Using the listing below, retype exactly the lines starting at the one with "Pittsburgh Pirates New" and ending at the one with "Dadka Povlečení krep Kvítí", and include both.

===

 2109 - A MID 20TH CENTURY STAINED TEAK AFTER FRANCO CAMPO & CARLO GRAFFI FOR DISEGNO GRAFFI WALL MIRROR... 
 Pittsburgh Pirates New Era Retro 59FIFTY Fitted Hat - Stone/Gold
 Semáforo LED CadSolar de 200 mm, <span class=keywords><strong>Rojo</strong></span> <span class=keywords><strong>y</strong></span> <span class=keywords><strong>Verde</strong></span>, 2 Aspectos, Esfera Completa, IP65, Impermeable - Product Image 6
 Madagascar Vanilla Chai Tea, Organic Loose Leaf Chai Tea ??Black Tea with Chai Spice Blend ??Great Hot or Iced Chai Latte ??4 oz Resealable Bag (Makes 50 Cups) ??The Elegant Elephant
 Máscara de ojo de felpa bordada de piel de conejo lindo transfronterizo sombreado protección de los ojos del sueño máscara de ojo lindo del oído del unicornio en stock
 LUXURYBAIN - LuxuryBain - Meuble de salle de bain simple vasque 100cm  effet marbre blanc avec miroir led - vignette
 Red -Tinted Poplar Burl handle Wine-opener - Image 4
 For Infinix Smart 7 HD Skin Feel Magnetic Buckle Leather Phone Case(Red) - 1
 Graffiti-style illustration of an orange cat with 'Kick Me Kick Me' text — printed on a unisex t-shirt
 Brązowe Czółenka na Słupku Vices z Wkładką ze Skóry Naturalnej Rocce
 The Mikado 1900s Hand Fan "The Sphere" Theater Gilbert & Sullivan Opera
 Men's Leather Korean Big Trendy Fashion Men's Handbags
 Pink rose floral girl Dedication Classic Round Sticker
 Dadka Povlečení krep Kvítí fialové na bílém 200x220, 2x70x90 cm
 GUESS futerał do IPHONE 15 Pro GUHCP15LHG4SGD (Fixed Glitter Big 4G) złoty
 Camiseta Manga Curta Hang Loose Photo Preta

===

■ **Result**
 Pittsburgh Pirates New Era Retro 59FIFTY Fitted Hat - Stone/Gold
 Semáforo LED CadSolar de 200 mm, <span class=keywords><strong>Rojo</strong></span> <span class=keywords><strong>y</strong></span> <span class=keywords><strong>Verde</strong></span>, 2 Aspectos, Esfera Completa, IP65, Impermeable - Product Image 6
 Madagascar Vanilla Chai Tea, Organic Loose Leaf Chai Tea ??Black Tea with Chai Spice Blend ??Great Hot or Iced Chai Latte ??4 oz Resealable Bag (Makes 50 Cups) ??The Elegant Elephant
 Máscara de ojo de felpa bordada de piel de conejo lindo transfronterizo sombreado protección de los ojos del sueño máscara de ojo lindo del oído del unicornio en stock
 LUXURYBAIN - LuxuryBain - Meuble de salle de bain simple vasque 100cm  effet marbre blanc avec miroir led - vignette
 Red -Tinted Poplar Burl handle Wine-opener - Image 4
 For Infinix Smart 7 HD Skin Feel Magnetic Buckle Leather Phone Case(Red) - 1
 Graffiti-style illustration of an orange cat with 'Kick Me Kick Me' text — printed on a unisex t-shirt
 Brązowe Czółenka na Słupku Vices z Wkładką ze Skóry Naturalnej Rocce
 The Mikado 1900s Hand Fan "The Sphere" Theater Gilbert & Sullivan Opera
 Men's Leather Korean Big Trendy Fashion Men's Handbags
 Pink rose floral girl Dedication Classic Round Sticker
 Dadka Povlečení krep Kvítí fialové na bílém 200x220, 2x70x90 cm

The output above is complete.